How many and what great constant efforts I have done to assist the programme to keep this robot active. Copying all the rest of the robots - being a small 'person', having a 'small' partner, living in a small 'safe home' with small thoughts, yet with great desires, dreams and hopes... Yeah - bunch of craps, as a friend of mine said ones to me.
Shame on me! But to be honest, it's not the shame, but the pain in me that makes me angry...to myself.
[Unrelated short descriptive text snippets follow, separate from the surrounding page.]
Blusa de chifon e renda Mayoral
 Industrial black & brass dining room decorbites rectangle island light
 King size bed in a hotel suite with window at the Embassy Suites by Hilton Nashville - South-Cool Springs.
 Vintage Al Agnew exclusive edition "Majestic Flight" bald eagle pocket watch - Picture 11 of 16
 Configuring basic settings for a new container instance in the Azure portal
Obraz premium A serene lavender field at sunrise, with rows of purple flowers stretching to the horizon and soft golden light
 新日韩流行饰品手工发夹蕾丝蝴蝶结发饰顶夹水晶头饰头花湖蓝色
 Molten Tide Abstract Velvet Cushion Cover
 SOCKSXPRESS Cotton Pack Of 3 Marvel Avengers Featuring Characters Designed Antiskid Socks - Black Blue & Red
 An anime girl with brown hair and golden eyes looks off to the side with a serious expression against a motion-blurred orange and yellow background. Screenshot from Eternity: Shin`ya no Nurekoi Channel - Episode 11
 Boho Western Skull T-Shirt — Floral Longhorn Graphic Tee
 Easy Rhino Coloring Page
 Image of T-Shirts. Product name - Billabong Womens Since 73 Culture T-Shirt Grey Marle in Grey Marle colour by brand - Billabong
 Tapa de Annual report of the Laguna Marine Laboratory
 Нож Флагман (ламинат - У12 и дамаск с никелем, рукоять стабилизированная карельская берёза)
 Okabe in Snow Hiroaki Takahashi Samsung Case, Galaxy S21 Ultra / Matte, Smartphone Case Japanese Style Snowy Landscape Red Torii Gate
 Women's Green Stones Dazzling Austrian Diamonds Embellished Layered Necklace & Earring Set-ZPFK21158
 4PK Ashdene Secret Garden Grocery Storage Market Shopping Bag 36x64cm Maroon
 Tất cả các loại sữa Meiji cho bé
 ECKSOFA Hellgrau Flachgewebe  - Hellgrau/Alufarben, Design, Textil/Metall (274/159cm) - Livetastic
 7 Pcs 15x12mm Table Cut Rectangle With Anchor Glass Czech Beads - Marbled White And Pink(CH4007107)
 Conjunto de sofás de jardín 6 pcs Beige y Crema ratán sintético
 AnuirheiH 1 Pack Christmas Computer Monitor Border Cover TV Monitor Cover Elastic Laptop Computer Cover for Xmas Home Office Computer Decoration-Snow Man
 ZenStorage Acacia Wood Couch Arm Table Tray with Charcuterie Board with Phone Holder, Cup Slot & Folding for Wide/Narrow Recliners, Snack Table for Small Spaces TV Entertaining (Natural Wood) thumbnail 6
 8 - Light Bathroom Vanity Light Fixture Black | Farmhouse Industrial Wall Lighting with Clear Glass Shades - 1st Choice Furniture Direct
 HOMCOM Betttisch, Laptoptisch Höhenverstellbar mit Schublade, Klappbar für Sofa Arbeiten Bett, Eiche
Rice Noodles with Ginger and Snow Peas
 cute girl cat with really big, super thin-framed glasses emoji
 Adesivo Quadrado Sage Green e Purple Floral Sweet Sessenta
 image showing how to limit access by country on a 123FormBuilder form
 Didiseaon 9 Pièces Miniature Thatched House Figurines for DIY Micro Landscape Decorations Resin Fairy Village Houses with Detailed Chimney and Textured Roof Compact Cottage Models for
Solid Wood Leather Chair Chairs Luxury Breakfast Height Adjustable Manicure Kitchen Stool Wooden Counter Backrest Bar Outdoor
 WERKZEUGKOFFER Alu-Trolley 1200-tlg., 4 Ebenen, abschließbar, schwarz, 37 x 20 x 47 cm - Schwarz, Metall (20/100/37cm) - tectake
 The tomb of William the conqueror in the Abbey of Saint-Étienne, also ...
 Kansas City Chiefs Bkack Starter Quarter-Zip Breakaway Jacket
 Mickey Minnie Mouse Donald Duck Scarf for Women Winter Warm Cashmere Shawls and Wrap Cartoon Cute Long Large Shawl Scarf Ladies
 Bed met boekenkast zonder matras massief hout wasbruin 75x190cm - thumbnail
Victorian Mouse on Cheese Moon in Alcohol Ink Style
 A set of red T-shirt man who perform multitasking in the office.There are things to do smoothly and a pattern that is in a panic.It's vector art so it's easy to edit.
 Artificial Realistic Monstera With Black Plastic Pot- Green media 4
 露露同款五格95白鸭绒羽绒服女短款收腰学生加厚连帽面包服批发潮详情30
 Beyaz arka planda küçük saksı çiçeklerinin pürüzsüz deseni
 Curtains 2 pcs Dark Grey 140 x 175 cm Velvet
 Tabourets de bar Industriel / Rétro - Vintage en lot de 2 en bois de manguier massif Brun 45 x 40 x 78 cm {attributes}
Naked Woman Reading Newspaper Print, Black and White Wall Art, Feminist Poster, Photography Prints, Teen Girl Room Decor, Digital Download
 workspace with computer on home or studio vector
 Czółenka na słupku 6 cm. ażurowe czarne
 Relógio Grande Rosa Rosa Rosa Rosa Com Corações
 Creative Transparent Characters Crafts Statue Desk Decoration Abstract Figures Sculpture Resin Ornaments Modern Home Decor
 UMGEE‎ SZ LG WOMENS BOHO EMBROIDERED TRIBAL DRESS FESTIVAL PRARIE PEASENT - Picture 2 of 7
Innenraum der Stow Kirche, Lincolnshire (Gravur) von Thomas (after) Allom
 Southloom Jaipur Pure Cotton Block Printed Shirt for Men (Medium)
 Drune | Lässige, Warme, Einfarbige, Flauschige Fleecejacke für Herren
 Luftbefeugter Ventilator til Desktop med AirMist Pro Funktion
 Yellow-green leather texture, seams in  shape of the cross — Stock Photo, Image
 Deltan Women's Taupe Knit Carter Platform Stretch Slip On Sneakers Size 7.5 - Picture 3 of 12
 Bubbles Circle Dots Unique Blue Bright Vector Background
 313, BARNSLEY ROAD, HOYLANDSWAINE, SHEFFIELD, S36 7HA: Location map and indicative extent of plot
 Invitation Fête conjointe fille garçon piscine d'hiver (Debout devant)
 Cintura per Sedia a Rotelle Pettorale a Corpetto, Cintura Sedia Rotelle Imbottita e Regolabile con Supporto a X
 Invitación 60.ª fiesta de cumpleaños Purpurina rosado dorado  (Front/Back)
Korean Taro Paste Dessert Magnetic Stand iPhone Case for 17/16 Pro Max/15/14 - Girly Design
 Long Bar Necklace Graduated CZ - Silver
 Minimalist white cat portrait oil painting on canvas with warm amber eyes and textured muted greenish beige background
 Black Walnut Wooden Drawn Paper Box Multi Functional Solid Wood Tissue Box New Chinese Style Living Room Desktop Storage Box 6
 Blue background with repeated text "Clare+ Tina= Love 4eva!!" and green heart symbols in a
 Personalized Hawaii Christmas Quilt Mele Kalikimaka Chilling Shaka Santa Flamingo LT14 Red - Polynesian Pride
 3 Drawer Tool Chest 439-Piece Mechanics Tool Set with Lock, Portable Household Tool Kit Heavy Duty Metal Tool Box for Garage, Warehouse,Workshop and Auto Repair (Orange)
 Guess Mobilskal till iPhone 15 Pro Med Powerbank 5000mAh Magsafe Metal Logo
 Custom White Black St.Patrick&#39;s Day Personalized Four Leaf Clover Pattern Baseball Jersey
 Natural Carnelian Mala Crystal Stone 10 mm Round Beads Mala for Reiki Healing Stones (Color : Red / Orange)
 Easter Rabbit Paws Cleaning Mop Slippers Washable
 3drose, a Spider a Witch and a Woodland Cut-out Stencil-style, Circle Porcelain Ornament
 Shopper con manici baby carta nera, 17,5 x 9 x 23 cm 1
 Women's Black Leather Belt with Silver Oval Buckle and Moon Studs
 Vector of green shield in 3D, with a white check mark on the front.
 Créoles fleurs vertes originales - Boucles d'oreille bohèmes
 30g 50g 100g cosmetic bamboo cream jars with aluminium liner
I try not to be, but 'feels' like walking against the wind... To a point I can't breath!!! Which suddenly wakes up my will to live and I open the whole my being as a deep breath, so I do transform the wind just as a deep breath.
And so I breath!...
I forgive myself that I have accepted and allowed myself to have a need of relationship to feel completed.
I forgive myself that I have accepted and allowed myself to think my children are MINE.
I forgive myself that I have accepted and allowed myself to define money as valuable.
I forgive myself that I have accepted and allowed myself to have a fear I will have no money enough to raise my children.
I forgive myself that I have accepted and allowed myself to make efforts to improve the quality , purpose and intention of my life.
I forgive myself that I have accepted and allowed myself to accept the thought there is a creator of this world and I am his/its creature.
I forgive myself that I have accepted and allowed myself to resist to correct my desires.
I forgive myself that I have accepted and allowed myself to avoid perfectly structured situations that give me opprotunities to express myself as my realself, by doing the opposite and been someone else, but not me.
I forgive myself that I have accepted and allowed myself to build a screen and hiding behind it, having that way a false sense of security.
I forgive myself that I have accepted and allowed myself to poison myself with negative thoughts, judging every single my step and feeling a guilt I am never right.
I forgive myself that I have accepted and allowed myself to ignore my needs, but working on the fulfilment of the others' needs.
I forgive myself that I have accepted and allowed myself to punish myself unintentionally and intentioanlly.